Throwing Replication into the mix

Sunday, September 16th, 2007

Bill de hÓra pointed me at a discussion about ad hoc querying that I’d forgotten about being a part of. The page has a 2007 copyright, but the discussion actually happened several years before. A bit of context might help: Luke Hohmann was VP of Engineering at Aurigin; Chuck Rabb and I worked under him. We had a fully normalized (3NF) database of U.S. Patents from 1970 on, fully text indexed, with images, and with some funky analytics built on top of it, all on 1997 technology (think RAID arrays build from 18Gb drives, driven by smoking hot 200Mhz processors). Much of what I know about physical database design comes from working with Chuck, scary as that might be to him.

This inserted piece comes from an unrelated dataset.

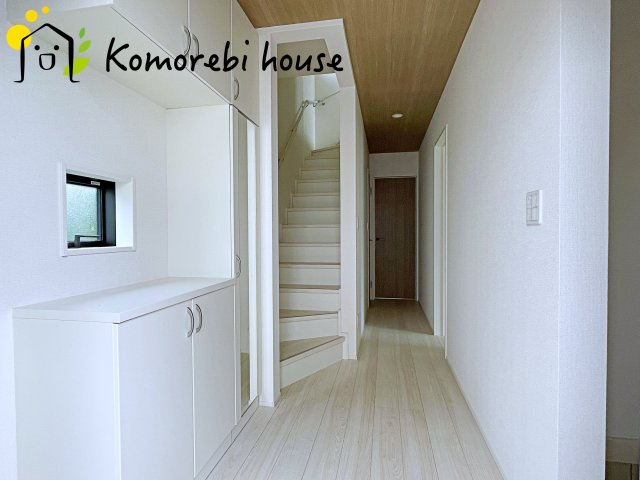 川島町伊草　2期　新築一戸建て　グラファーレ　02の玄関|11/13　撮影済み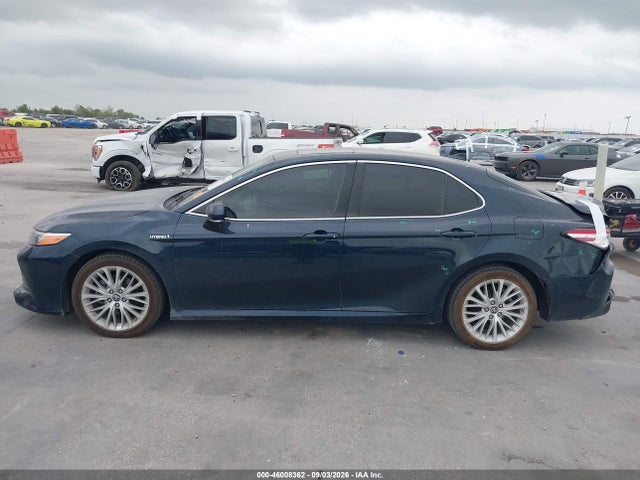 2019 TOYOTA CAMRY HYBRID XLE 14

In the discussion I advocated using a separate “data warehouse” for ad hoc queries. Time has passed, and I’ve picked up a few more tricks. If we were to have the discussion again today, I’d add another option: running ad hoc queries against a database replica. Replication is a lot more approachable now than it was a few years back, especially if you’re using MySQL or PostreSQL. Replicas are a way of separating reads from writes, allowing you to do both reporting and ad hoc analysis against nearly live data without degrading performance on your primary database. If your primary schema is sufficient for your ad hoc query needs, replication can be quite cost effective.

If you’re architecting a web application that’s going to have to scale, a basic understanding of replication and its limits is now a must have.